Senate Deputy Minority Leader Risa Hontiveros on Wednesday urged the administration to confiscate tons of allegedly smuggled sugar that were supposedly imported by three “favored” traders.

The lawmaker issued the statement after President Ferdinand “Bongbong” Marcos Jr. approved the sale of seized smuggled sugar at P70 per kilo at Kadiwa centers.

“They are too excited about the 12,000 metric tons confiscated in Subic and Batangas…If the administration is really serious about ensuring ample supply of affordable sugar in the country, then it should start with immediately confiscating the sugar stocks illegally imported into the country by the three ‘favored’ importers—All Asian Countertrade, Edison Lee Marketing, and Sucden Philippines,” Hontiveros said.

If the government intends to sell the smuggled sugar to the poorest 30 percent of the population, Hontiveros said, it would need at least 300,000 metric tons as the Philippine’s annual consumption is at 2.2 million metric tons.
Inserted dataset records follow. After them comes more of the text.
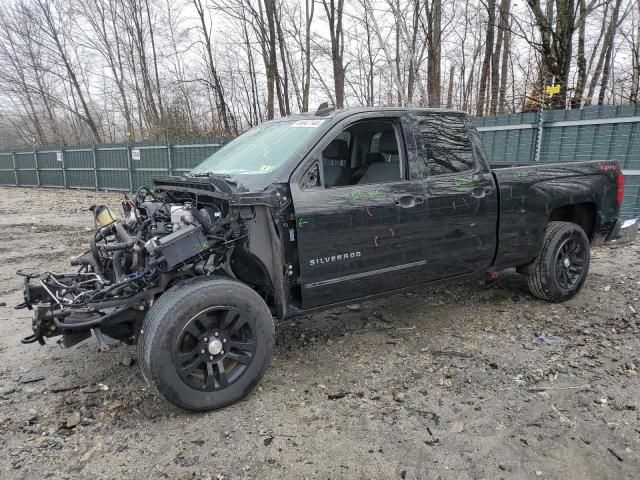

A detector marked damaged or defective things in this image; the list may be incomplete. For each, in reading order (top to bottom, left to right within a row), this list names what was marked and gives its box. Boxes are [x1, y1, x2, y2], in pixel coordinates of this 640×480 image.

broken headlight area [17, 186, 244, 346]
damaged front end of truck [17, 174, 292, 350] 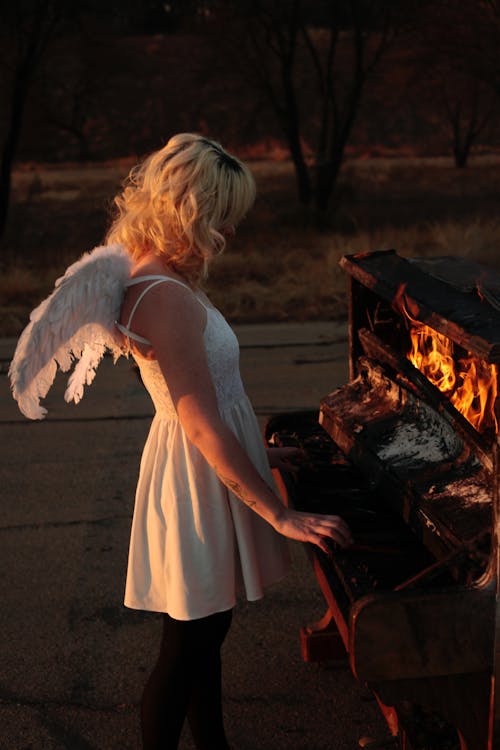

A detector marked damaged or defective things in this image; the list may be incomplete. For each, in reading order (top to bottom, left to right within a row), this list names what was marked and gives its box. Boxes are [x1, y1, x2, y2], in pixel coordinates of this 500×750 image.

cracked asphalt [0, 324, 390, 750] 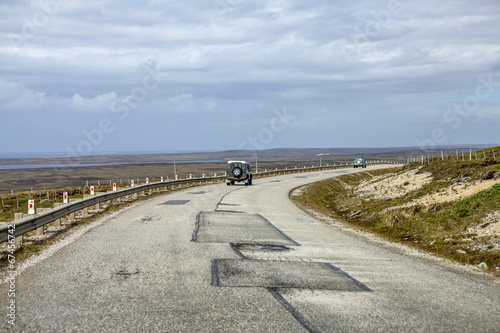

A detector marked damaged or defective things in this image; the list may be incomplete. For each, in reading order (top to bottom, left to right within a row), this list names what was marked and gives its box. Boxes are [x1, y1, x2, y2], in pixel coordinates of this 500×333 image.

cracked asphalt road [0, 165, 500, 330]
Further, the opposition lawmaker said the government must sell the smuggled sugar at regular profit rates of P61 per kilogram and not P70.
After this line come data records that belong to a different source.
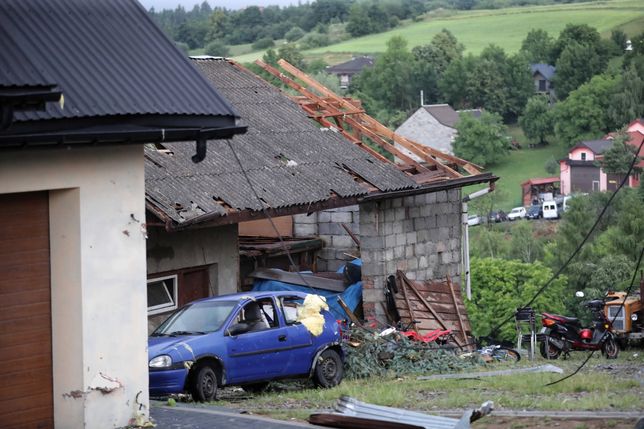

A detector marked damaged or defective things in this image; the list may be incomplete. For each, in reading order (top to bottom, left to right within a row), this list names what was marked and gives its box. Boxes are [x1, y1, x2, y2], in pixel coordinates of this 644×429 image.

damaged roof [145, 58, 418, 229] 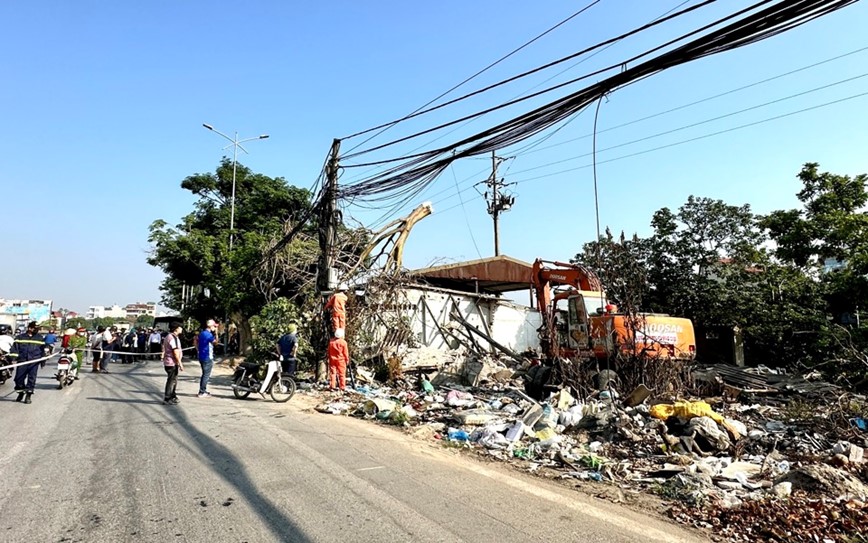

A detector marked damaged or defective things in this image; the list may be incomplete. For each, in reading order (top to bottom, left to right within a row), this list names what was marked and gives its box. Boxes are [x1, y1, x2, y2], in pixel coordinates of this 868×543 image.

rusted metal roof [410, 258, 532, 296] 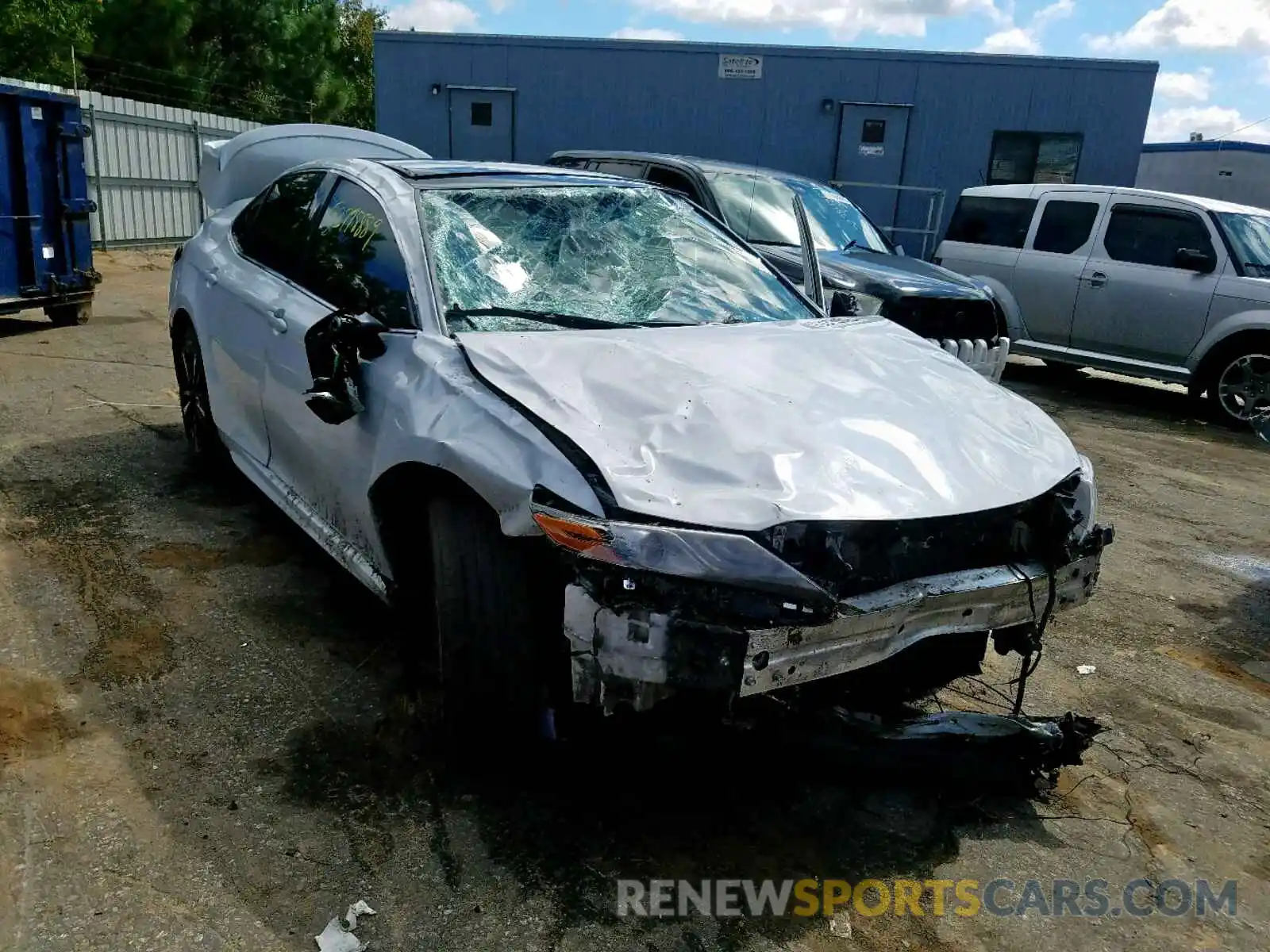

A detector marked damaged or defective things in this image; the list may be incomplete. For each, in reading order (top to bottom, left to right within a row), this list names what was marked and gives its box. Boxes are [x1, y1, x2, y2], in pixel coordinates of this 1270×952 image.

shattered windshield [416, 182, 813, 332]
shattered windshield [705, 170, 895, 252]
shattered windshield [1213, 213, 1270, 279]
damaged side mirror [305, 309, 389, 425]
wrecked white toyota camry [171, 126, 1111, 733]
crumpled hood [460, 317, 1080, 527]
broken headlight housing [530, 501, 826, 600]
broken headlight housing [1073, 457, 1099, 543]
missing front bumper [562, 549, 1099, 708]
“The stocks are already smuggled, and yet these are to be sold at jacked up profits? Somebody is really intent on profiting from this situation,” she said.

On Tuesday, Hontiveros disclosed that the three traders that were supposedly “favored” by Agriculture Senior Undersecretary Domingo Panganiban may gain billions from the supposed illegal importation of 440,000 metric tons of sugar.

In February, Hontiveros filed proposed Senate Resolution 497 seeking a Blue Ribbon committee probe into the entries of around 440,000 metric tons of sugar in Philippine ports ahead of the issuance of Sugar Order No. 6.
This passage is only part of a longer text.